:: Instructions for the task ::
After locating the line that contains "2021 Jeep Grand Cherokee L Limited 4x4" in the data below, set down exactly that line and each one after it through the line that contains "I Saved You, but", and nothing more.

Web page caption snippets
★ ★ ★

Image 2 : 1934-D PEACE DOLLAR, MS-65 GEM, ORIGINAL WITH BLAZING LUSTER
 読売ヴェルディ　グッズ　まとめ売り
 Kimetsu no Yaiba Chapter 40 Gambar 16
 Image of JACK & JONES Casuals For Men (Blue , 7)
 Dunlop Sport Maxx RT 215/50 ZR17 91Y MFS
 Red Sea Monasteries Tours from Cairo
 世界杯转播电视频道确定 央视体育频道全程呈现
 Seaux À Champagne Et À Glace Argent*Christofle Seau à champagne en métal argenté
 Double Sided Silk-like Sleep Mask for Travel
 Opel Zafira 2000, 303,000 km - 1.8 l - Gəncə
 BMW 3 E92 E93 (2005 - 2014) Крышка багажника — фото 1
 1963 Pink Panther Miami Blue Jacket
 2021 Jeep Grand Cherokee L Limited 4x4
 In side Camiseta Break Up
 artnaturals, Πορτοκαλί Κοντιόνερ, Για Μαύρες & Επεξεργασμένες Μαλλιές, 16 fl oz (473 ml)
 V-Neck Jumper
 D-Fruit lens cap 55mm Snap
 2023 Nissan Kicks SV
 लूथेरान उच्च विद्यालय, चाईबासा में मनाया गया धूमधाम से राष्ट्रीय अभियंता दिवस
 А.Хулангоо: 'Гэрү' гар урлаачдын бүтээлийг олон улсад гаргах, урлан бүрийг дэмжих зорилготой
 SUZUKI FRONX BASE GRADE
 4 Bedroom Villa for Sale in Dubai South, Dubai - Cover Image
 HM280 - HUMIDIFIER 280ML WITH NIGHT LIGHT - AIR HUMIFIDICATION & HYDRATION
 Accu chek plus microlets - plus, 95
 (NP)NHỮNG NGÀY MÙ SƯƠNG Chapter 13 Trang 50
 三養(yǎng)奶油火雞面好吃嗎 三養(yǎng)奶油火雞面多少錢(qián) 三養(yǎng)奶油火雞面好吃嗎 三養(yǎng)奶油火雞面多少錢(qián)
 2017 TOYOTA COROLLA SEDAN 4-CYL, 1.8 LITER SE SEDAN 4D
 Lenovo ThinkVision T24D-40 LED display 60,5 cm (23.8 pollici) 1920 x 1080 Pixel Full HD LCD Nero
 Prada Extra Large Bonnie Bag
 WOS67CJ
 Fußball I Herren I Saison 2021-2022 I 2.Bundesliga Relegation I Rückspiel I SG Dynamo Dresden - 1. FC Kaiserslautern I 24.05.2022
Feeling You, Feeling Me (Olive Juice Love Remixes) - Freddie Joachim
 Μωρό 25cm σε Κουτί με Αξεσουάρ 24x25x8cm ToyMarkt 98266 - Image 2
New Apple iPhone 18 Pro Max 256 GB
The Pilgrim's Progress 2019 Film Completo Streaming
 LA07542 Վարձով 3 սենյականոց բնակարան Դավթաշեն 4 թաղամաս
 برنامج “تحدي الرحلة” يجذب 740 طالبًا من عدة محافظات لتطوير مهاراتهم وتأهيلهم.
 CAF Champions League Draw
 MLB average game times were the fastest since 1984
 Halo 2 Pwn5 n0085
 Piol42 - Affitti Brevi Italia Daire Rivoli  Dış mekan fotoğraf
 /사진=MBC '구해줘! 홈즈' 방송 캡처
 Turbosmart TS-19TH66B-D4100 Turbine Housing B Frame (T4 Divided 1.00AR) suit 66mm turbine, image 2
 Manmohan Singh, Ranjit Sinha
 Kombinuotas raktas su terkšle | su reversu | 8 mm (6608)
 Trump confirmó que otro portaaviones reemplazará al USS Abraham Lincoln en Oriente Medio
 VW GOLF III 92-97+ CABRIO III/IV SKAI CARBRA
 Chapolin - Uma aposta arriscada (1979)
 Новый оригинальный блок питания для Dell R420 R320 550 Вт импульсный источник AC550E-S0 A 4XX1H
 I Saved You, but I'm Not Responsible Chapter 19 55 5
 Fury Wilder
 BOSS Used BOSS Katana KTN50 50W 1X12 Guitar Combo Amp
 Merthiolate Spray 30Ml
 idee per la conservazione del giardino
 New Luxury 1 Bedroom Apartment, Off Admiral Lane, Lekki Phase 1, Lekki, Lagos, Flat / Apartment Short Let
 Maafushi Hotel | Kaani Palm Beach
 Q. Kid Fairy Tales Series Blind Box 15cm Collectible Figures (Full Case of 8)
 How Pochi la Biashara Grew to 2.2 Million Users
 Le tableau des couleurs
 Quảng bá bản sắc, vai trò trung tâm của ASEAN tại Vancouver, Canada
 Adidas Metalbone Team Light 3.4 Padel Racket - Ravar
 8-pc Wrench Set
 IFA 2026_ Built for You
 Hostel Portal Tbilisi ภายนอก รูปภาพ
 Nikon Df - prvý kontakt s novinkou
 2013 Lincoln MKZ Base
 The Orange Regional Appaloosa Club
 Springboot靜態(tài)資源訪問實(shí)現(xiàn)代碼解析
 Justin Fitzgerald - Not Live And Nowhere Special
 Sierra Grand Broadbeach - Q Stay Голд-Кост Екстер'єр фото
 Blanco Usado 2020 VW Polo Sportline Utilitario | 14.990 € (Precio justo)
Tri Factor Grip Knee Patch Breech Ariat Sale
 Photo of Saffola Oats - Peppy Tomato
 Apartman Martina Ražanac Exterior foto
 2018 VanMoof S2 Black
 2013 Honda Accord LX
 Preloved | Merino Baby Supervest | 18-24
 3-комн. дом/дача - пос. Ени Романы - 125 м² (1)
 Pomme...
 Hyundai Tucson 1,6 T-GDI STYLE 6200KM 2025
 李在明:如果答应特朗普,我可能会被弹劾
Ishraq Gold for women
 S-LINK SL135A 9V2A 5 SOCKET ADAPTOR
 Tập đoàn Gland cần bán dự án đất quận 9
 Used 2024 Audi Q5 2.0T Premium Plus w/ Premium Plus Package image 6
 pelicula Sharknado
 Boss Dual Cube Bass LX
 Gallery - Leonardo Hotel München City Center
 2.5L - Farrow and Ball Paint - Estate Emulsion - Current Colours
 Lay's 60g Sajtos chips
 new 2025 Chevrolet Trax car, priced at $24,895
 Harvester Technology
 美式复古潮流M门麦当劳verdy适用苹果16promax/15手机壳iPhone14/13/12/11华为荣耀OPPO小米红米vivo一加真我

★ ★ ★

:: Your solution ::
 2021 Jeep Grand Cherokee L Limited 4x4
 In side Camiseta Break Up
 artnaturals, Πορτοκαλί Κοντιόνερ, Για Μαύρες & Επεξεργασμένες Μαλλιές, 16 fl oz (473 ml)
 V-Neck Jumper
 D-Fruit lens cap 55mm Snap
 2023 Nissan Kicks SV
 लूथेरान उच्च विद्यालय, चाईबासा में मनाया गया धूमधाम से राष्ट्रीय अभियंता दिवस
 А.Хулангоо: 'Гэрү' гар урлаачдын бүтээлийг олон улсад гаргах, урлан бүрийг дэмжих зорилготой
 SUZUKI FRONX BASE GRADE
 4 Bedroom Villa for Sale in Dubai South, Dubai - Cover Image
 HM280 - HUMIDIFIER 280ML WITH NIGHT LIGHT - AIR HUMIFIDICATION & HYDRATION
 Accu chek plus microlets - plus, 95
 (NP)NHỮNG NGÀY MÙ SƯƠNG Chapter 13 Trang 50
 三養(yǎng)奶油火雞面好吃嗎 三養(yǎng)奶油火雞面多少錢(qián) 三養(yǎng)奶油火雞面好吃嗎 三養(yǎng)奶油火雞面多少錢(qián)
 2017 TOYOTA COROLLA SEDAN 4-CYL, 1.8 LITER SE SEDAN 4D
 Lenovo ThinkVision T24D-40 LED display 60,5 cm (23.8 pollici) 1920 x 1080 Pixel Full HD LCD Nero
 Prada Extra Large Bonnie Bag
 WOS67CJ
 Fußball I Herren I Saison 2021-2022 I 2.Bundesliga Relegation I Rückspiel I SG Dynamo Dresden - 1. FC Kaiserslautern I 24.05.2022
Feeling You, Feeling Me (Olive Juice Love Remixes) - Freddie Joachim
 Μωρό 25cm σε Κουτί με Αξεσουάρ 24x25x8cm ToyMarkt 98266 - Image 2
New Apple iPhone 18 Pro Max 256 GB
The Pilgrim's Progress 2019 Film Completo Streaming
 LA07542 Վարձով 3 սենյականոց բնակարան Դավթաշեն 4 թաղամաս
 برنامج “تحدي الرحلة” يجذب 740 طالبًا من عدة محافظات لتطوير مهاراتهم وتأهيلهم.
 CAF Champions League Draw
 MLB average game times were the fastest since 1984
 Halo 2 Pwn5 n0085
 Piol42 - Affitti Brevi Italia Daire Rivoli  Dış mekan fotoğraf
 /사진=MBC '구해줘! 홈즈' 방송 캡처
 Turbosmart TS-19TH66B-D4100 Turbine Housing B Frame (T4 Divided 1.00AR) suit 66mm turbine, image 2
 Manmohan Singh, Ranjit Sinha
 Kombinuotas raktas su terkšle | su reversu | 8 mm (6608)
 Trump confirmó que otro portaaviones reemplazará al USS Abraham Lincoln en Oriente Medio
 VW GOLF III 92-97+ CABRIO III/IV SKAI CARBRA
 Chapolin - Uma aposta arriscada (1979)
 Новый оригинальный блок питания для Dell R420 R320 550 Вт импульсный источник AC550E-S0 A 4XX1H
 I Saved You, but I'm Not Responsible Chapter 19 55 5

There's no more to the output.